What could be better than pasta that makes you feel like a legit goddess?
I use the word “legit” loosely, but for real, this pasta salad is satisfying, nourishing, and filled with healthy green veggies that will make you glow inside and out.
Plus, every goddess deserves a little pasta in her life.
Poor pasta. It’s definitely gotten a bad wrap in recent years. Its perceived as downright evil in some circles (very low carb diets, paleo, grain-free, etc.) but not due to any fault of its own. Sure, pasta contains carbs, but so do quinoa, brown rice, sweet potatoes, carrots, spinach, blueberries, kale, black beans, chia seeds, and pretty much every other plant food on the planet.
I think part of the problem for pasta is just that its so darn delicious that it can be difficult not to go overboard on portion sizes. (Especially when its already on your plate. Some restaurant portions of pasta may be as much as 350% more than you need.)
Back in my college days, before I did much cooking, I used to just boil a pot of pasta, toss it with some jarred pasta sauce, plop down in front of my laptop, and call it a meal. It tasted pretty good going down but I usually found myself either (a) ravenous within an hour or two (after eating a “normal” portion) or (b) completely stuffed (after consuming what seemed like no less than my full weight in semolina).
Since then, I’ve made a few changes to the way I prepare and serve pasta and it’s made a huge difference in the way I feel after eating it.
1. Use whole grain pasta.
Switching up your pasta from white/regular to whole grain is one of the easiest ways to bump up your dish’s nutrition and satisfaction levels. Because whole grain pasta contains more fiber, you’re more likely to feel full after eating less.
I usually use whole wheat pasta or brown rice pasta when I’m looking for a gluten free option. I’ve also been loving the new, high-protein bean pastas I’ve been seeing more and more recently. (Like pasta, but made with beans instead of grains!)
2. Include lots of veggies.
Adding more vegetables is definitely the most delicious improvement I made to my pasta routine.
Vegetables offer texture, color, flavor, and, of course, tons of nutrition. Like whole grains, vegetables are also rich sources of fiber, so you’re bound to feel satisfied sooner with them around.

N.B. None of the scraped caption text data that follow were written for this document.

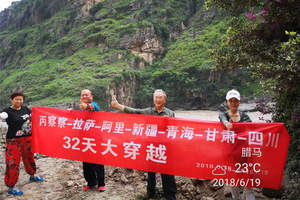 【昆明出发】丙察察＋阿里＋317全程32天深度探险大穿越摄影游（可分段）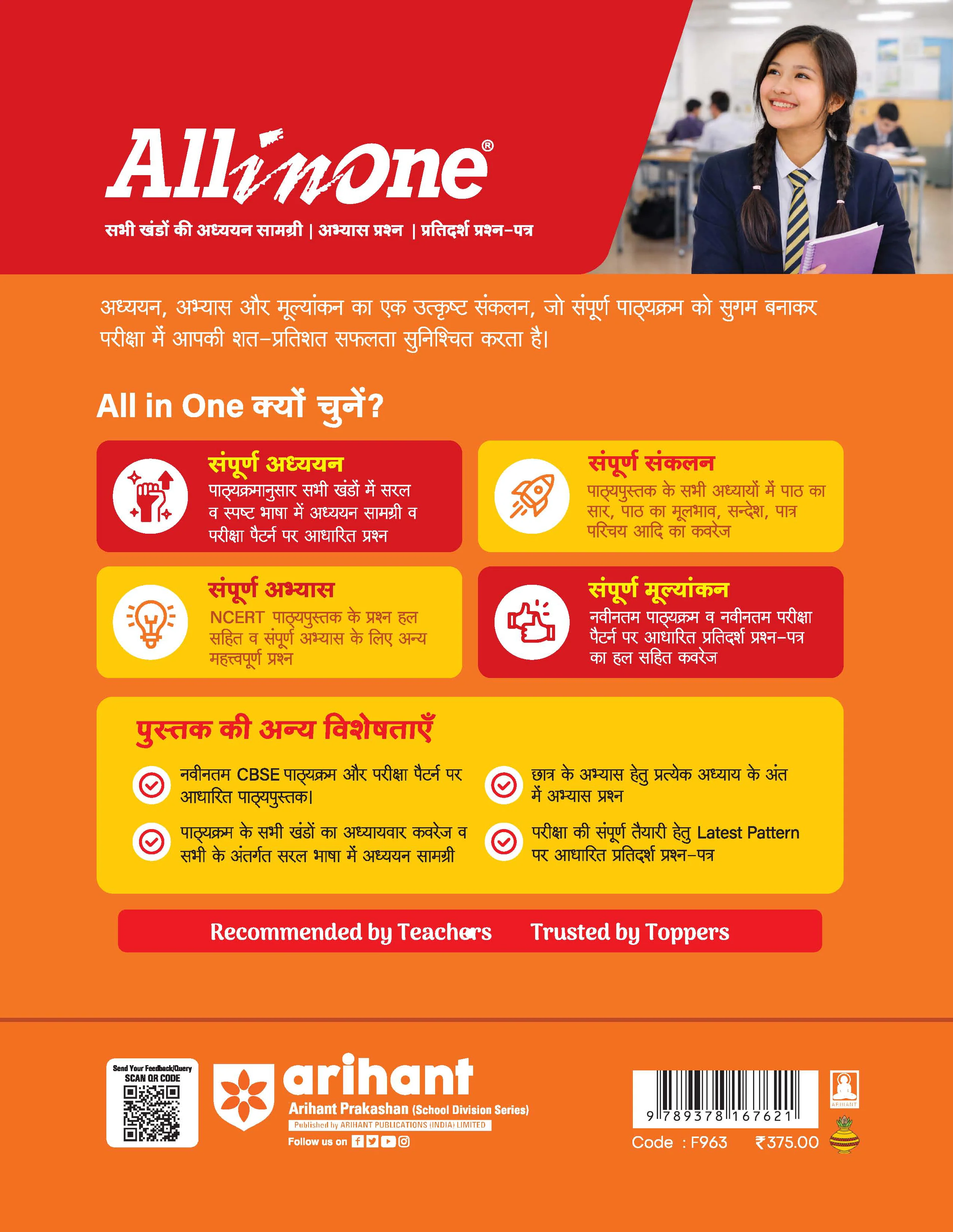 All in One Hindi Kendrik Class 11 for CBSE Exam 2026-27 | NCERT Based Complete Theory, Practice Exercises, CBQs, A-R, Sample Papers & Mind Maps | Revised Edition as per Latest Syllabus - Image 13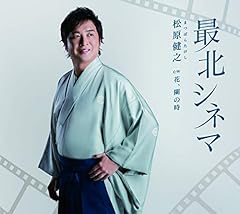 �ԁA茂̎� / �������V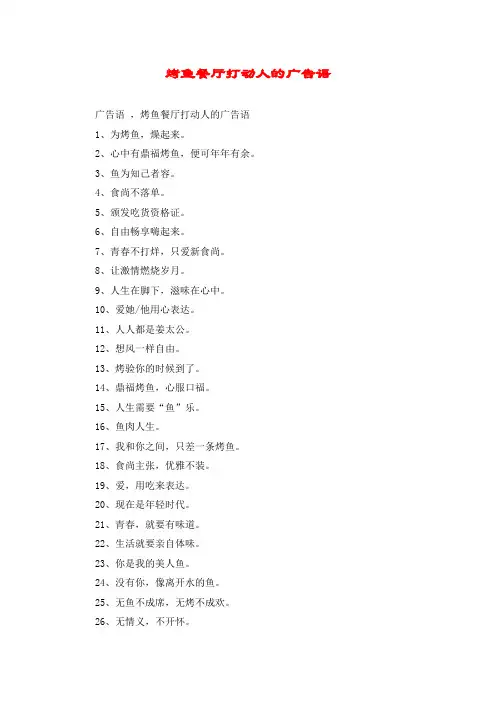 烤鱼餐厅打动人的广告语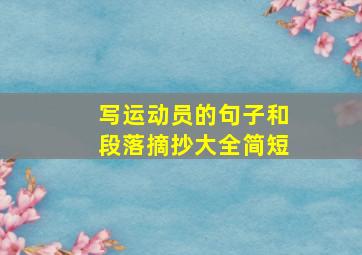 写运动员的句子和段落摘抄大全简短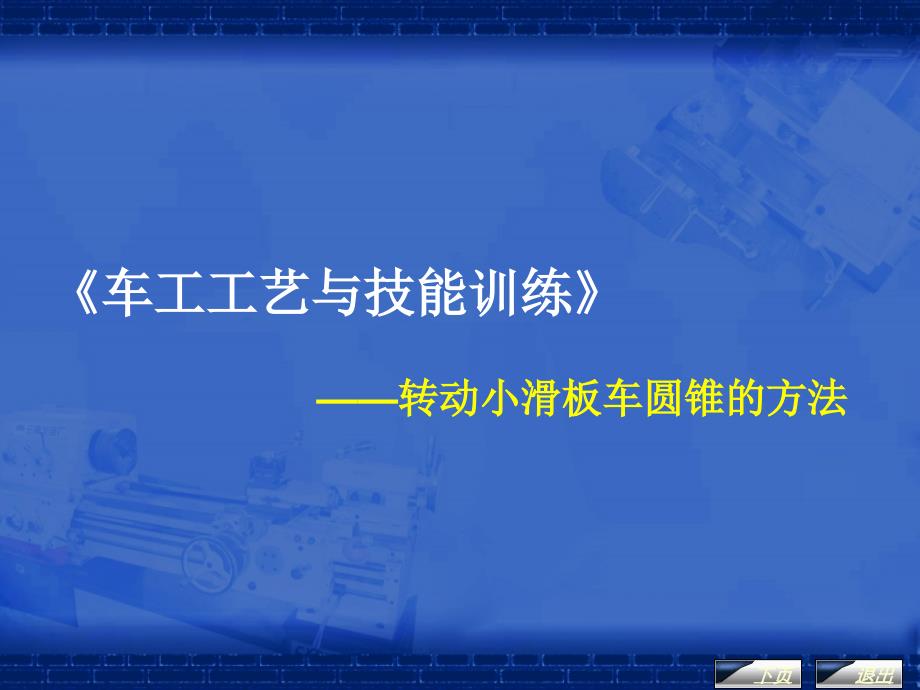 《车工工艺与技能训练》课程单元教学设计——转动小滑板车圆锥的方法(课件)_第1页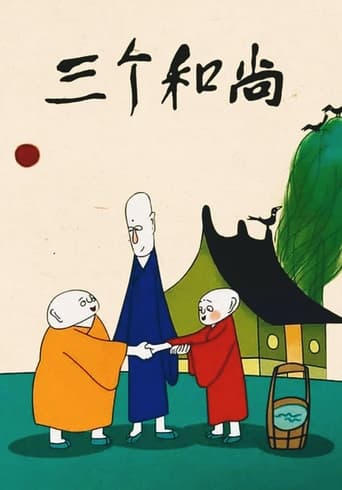 Poster of Three Monks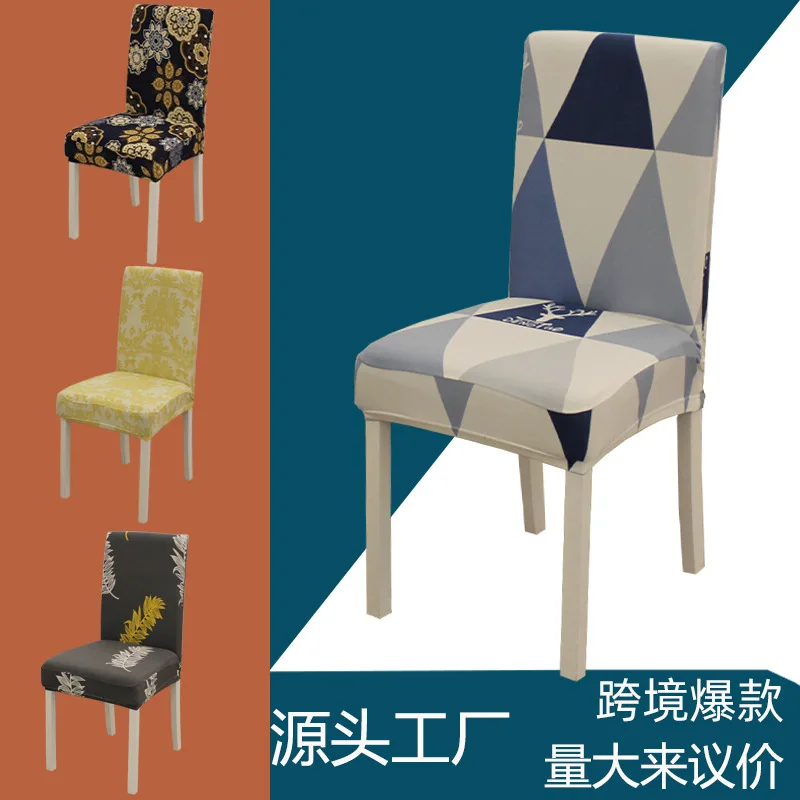 Pouf Salon Cross-border Chair Set Simple European Army Full Package Meeting Room Seat Cover Home Spot Customization 
Pouf Salon Cross-border Chair Set Simple European Army Full Package Meeting Room Seat Cover Home Spot Customization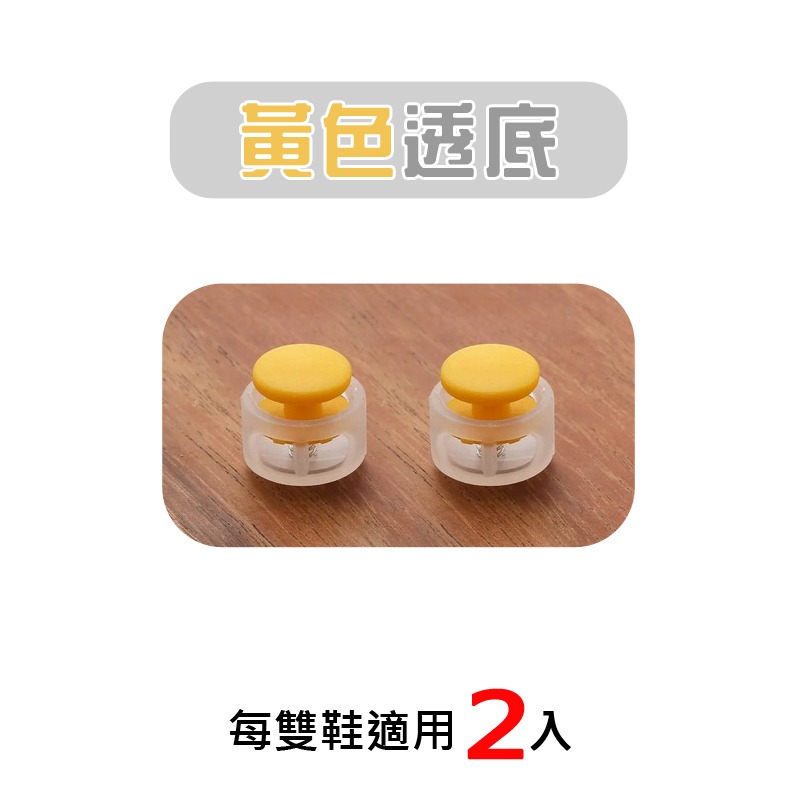 現貨 懶人鞋帶扣 免綁鞋帶扣 秒速穿脫 彈力鞋帶 鞋扣 兒童鞋扣 懶人鞋帶 懶人鞋扣 運動鞋扣 免綁 多色可選 批發-規格圖9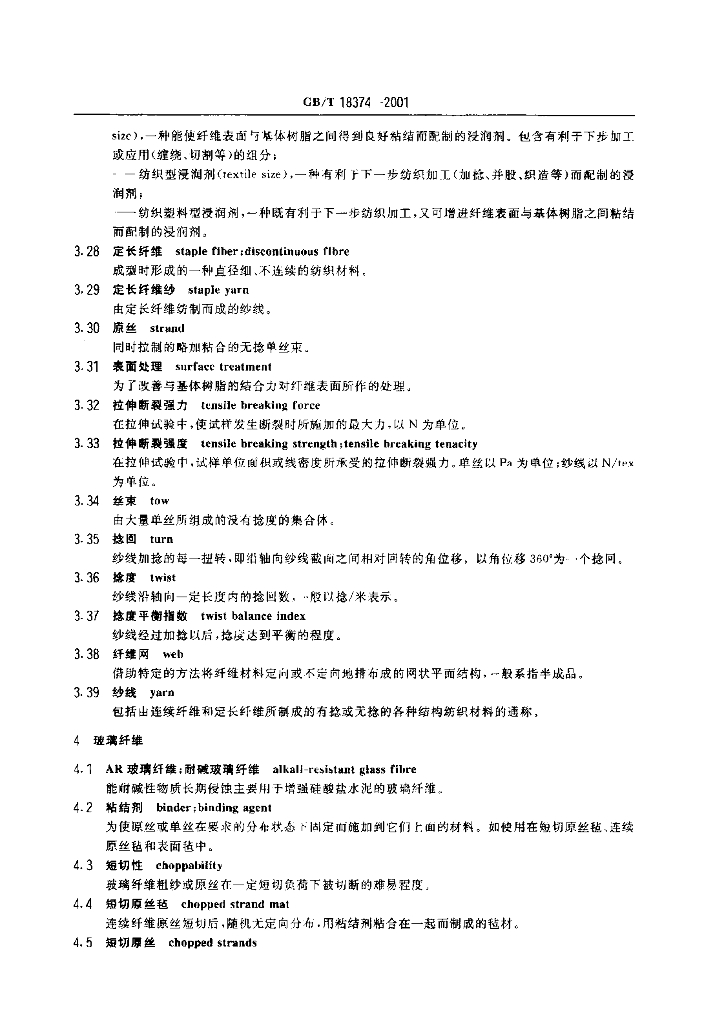 GB/T 18374-2001 标准预览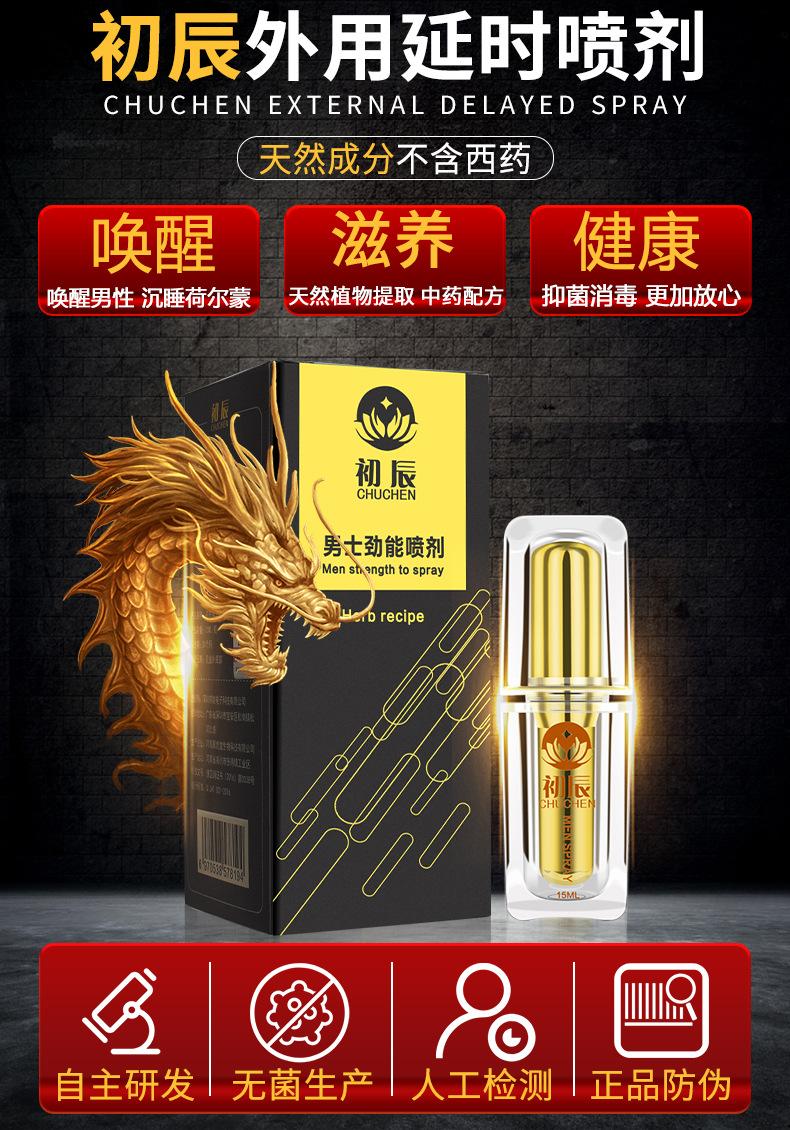 通用详情1_03.jpg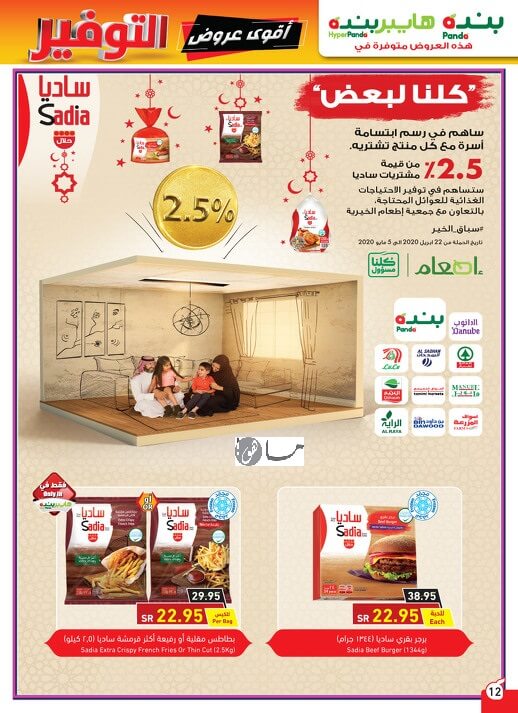 جديد عروض بنده ٦ رمضان اليوم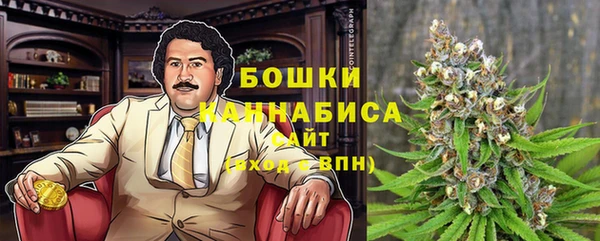 гашишное масло Карталы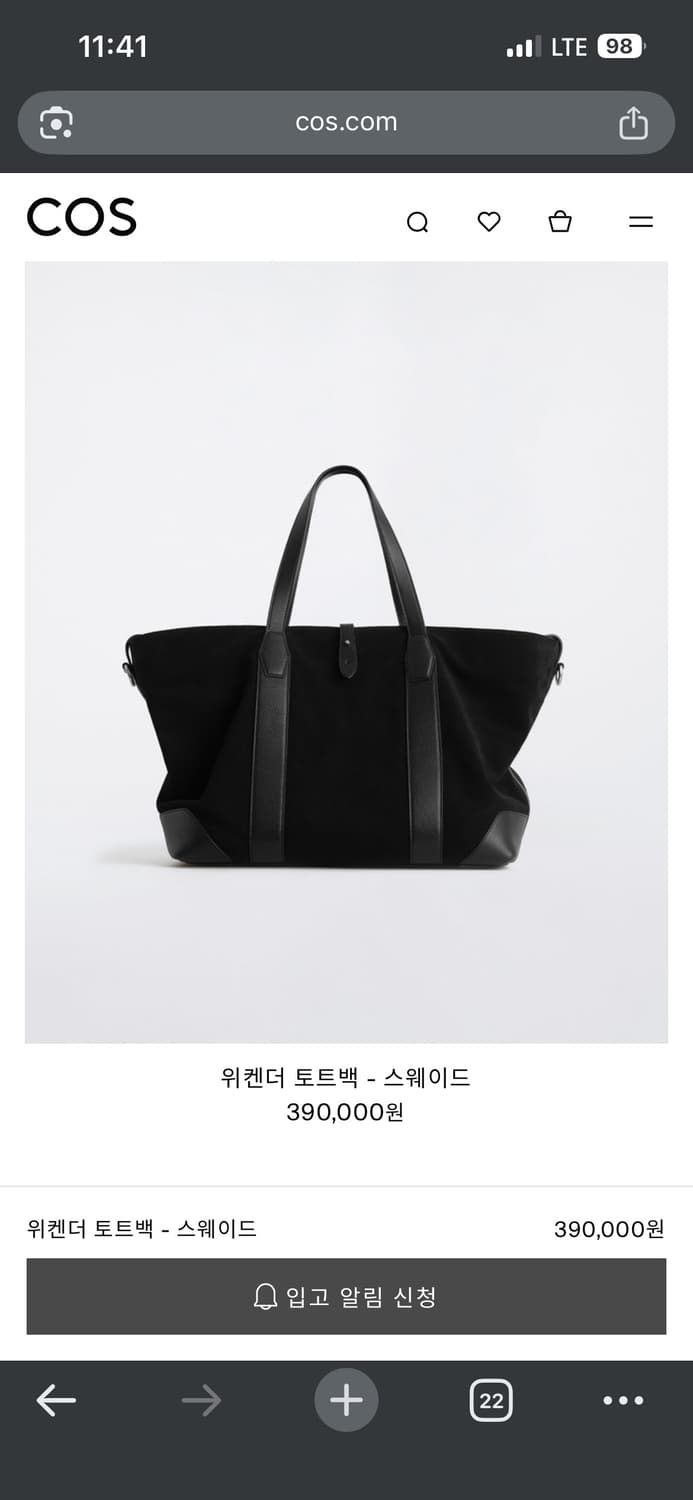 코스 위켄더 토트백 상품이미지1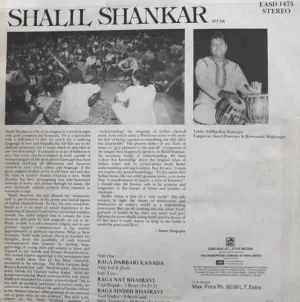 Shalil Shankar - Sitar - EASD 1475 - (Condition 90-95%) – Cover Reprinted - Indian Classical Instrumental LP Vinyl Record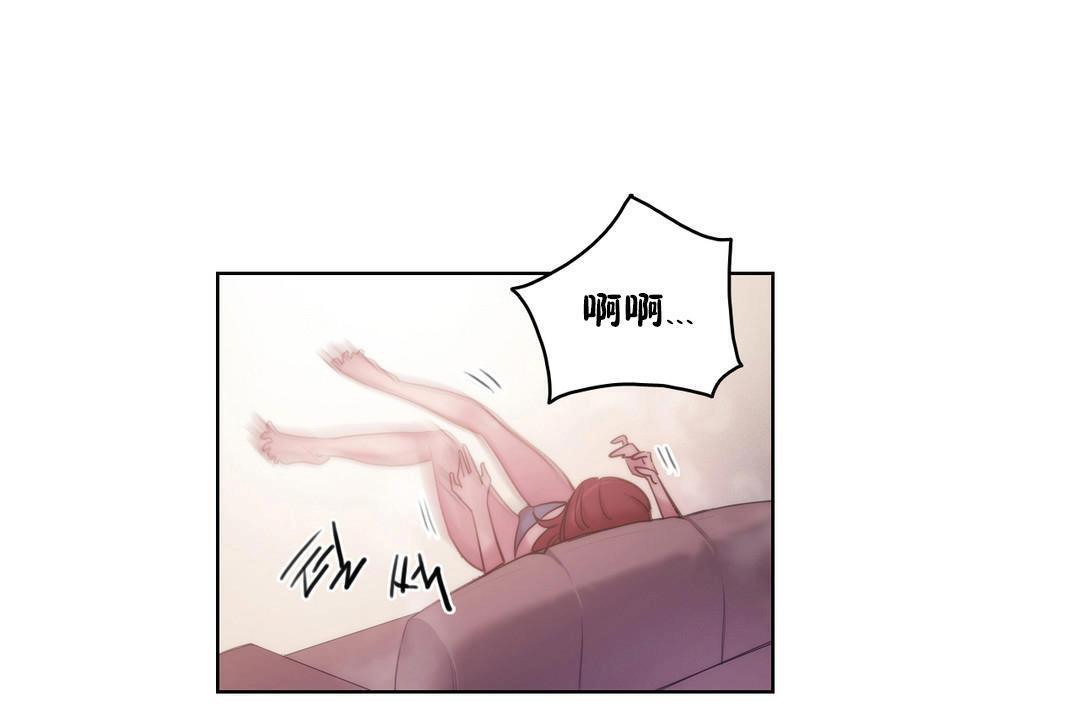 1P - 性骑士们-妓者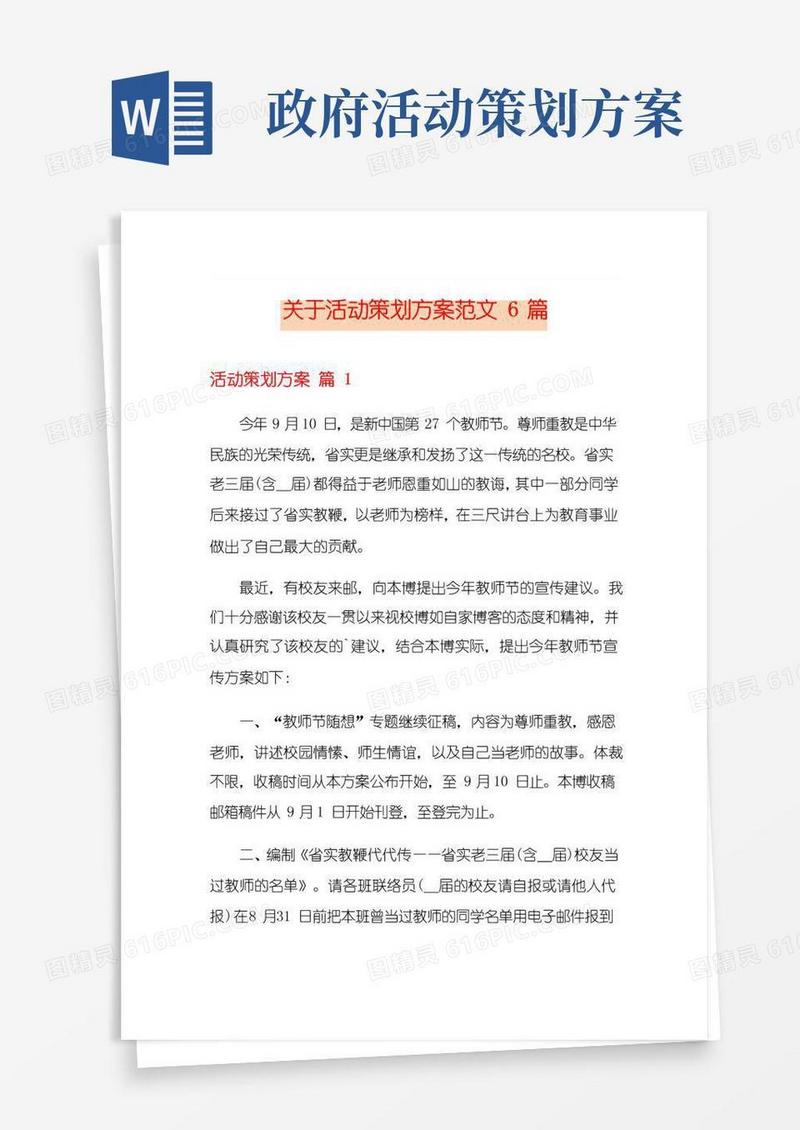 实用的关于活动策划方案范文6篇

In this recipe, I focused on everything green (broccoli, sugar snap peas, spinach, and fresh parsley) but usually, I look for a variety of colors, shapes, and textures to add interest to the meal.
3. Enjoy mindfully.
Like most foods, pasta is so much tastier when you actually taste it.
When I ate my big bowl of pasta in front of my computer during college, I was making it a lot more difficult for my brain to register satisfaction. Now, I do my best to set aside work, sit at a table when I can, and truly enjoy the meal in front of me.
I also try to put the fork down on occasion to check in. I like to ask questions like:
“Am I still hungry”
“Am I satisfied?”
“Does this taste good?”
Often times, I find I’m perfectly pleased with half of the amount of pasta that I used to eat in front of the screen.
Making these simple changes has allowed me to fully enjoy the delicious benefits of pasta, guilt-free.
It’s great freshly made and still warm but I also love this pasta salad cold or at room temperature.
This recipe is also great at home but I love it for picnics and packed lunches too! It’s just the thing for gods and goddesses on the run.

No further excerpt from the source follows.